• _Exercise_
Exactly the lines from the one holding "Vinyl LP - Love" through the end of the material below must be printed, nothing more, and the pictures must be dropped.

[Source data]

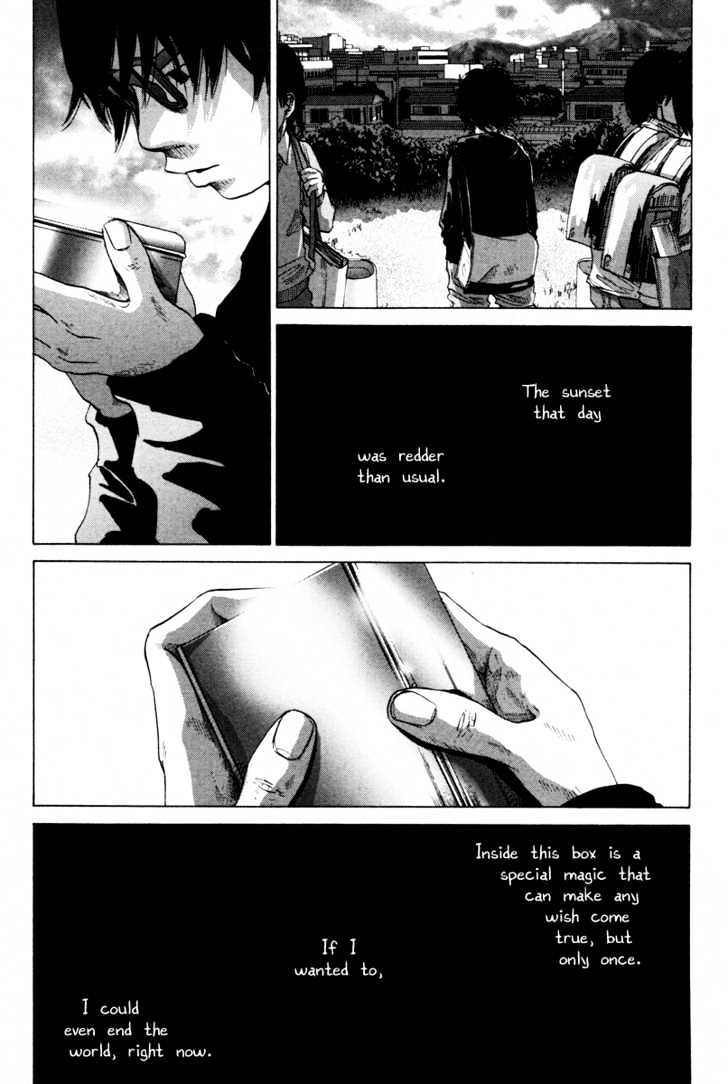 Nijigahara Holograph Chapter 10 page 12 - Chapter 10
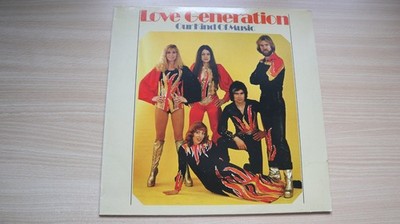 Vinyl LP - Love Generation - Our Kind Of Music ( 1976) UA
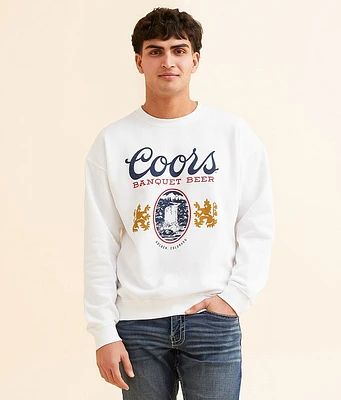 tee luv Coors Banquet Pullover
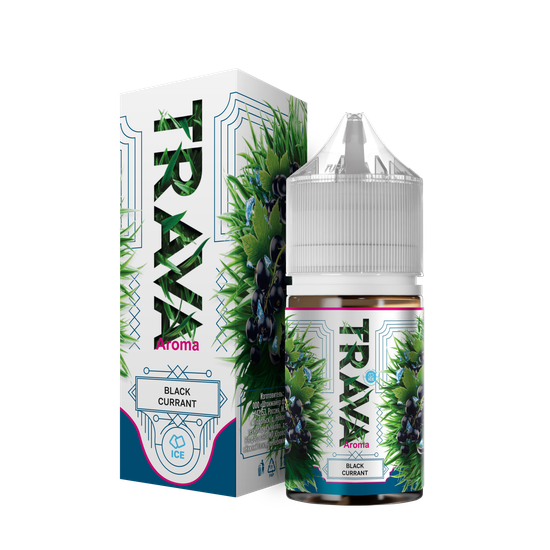 Ароматизатор Trava Black Currant (Черная смородина)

[/Source data]

• _Your response_
 Vinyl LP - Love Generation - Our Kind Of Music ( 1976) UA
 tee luv Coors Banquet Pullover
 Ароматизатор Trava Black Currant (Черная смородина)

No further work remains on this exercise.